Similarly you might want to make pension contributions in 16/17. If you will have no earnings you'll be limited to £3600 gross (£2880 net). Again, the wisdom of that is dependent on Mr Osborne's latest wheezes.
So the idea is to keep taking taxable drawdowns from your personal pension, year after year, until it is exhausted (even in the face of your replenishments). Then you can aim to start your State Pension. It should be, in part, tax-free too. OR, you might be subtler. Aim to take your State Pension when it and the two FS pensions will use the Personal Allowance up, and keep any money left in the private pension as an emergency reserve.
As Linton said, the Extra Pension is wonderful value, so it might be wiser just to keep deferring for as long as seems wise e.g. if your health is good, for a total of (say) five years.

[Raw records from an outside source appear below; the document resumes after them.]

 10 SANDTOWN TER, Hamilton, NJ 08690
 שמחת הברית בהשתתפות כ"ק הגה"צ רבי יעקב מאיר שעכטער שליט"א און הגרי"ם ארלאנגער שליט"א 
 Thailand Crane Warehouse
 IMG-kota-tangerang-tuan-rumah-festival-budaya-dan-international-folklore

There is even another stunt available. if you take the deferred pension money as a lump sum instead of an Extra Pension, you can get it tax-free if you take it in a year when your other income is less than the Personal Allowance. Then you could defer the pension a second time, this time building up a few years worth of Extra Pension. But you'd have to be careful to ensure that your taxable income didn't stray over the Personal Allowance, even by a pound, because then you'd have to pay 20% tax on the lump sum.Free the dunston one next time too.0 -
Thank you both - lots to think about now.
I won't pay any tax in year 15/16 and am working on not paying tax in 16/17 either.

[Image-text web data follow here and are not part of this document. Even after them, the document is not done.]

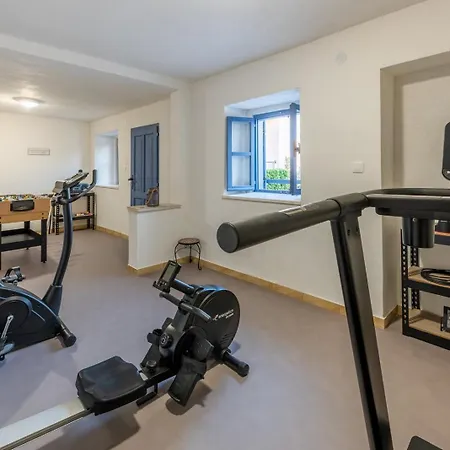 Luxury Carlin With Heated Pool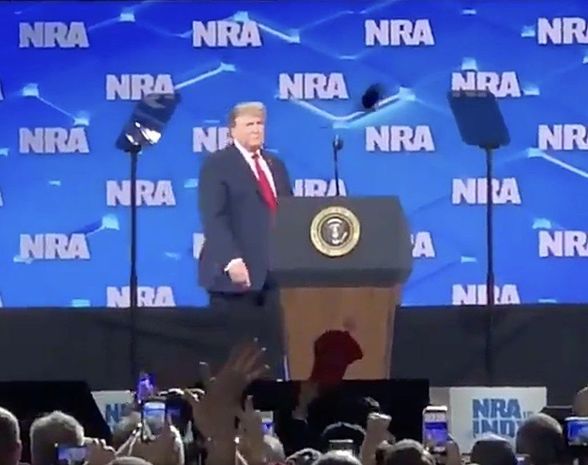 Пьяный американец бросил телефон в Трампа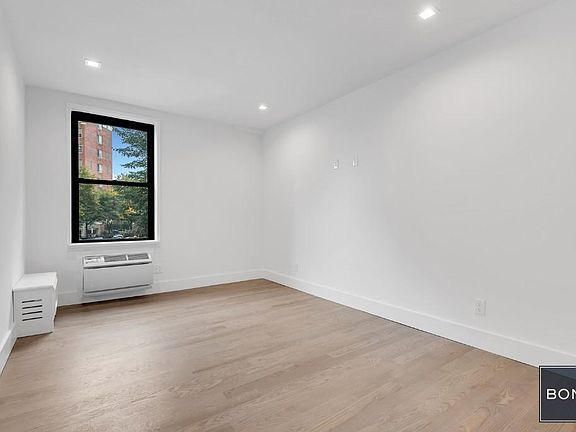 4th image of 3520 Leverich St APT C246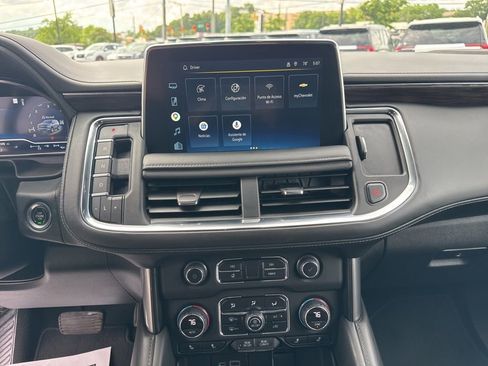 Used 2022 Chevrolet Tahoe LT w/ LT Signature Plus Package AWD/4WD image 16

The job was only part-time and by leaving in December I've just managed to scrape in under the £10600 threshold for 15/16. When I stopped working I was handed a MARS payment and also the lump sum from my small DB pension - both tax free and enough to cover living expenses for OH and me for the next 12 months at least.
I'm not keen to start claiming SP before I need it and just wanted to make sure I'm covering all bases in terms of sensible use of tax allowances.0 -
DancingBadger wrote: »....
Just for guidance, tax-planning and changes to deferral apart, you won't benefit from deferral until you've been drawing your SP for just less than 10 years.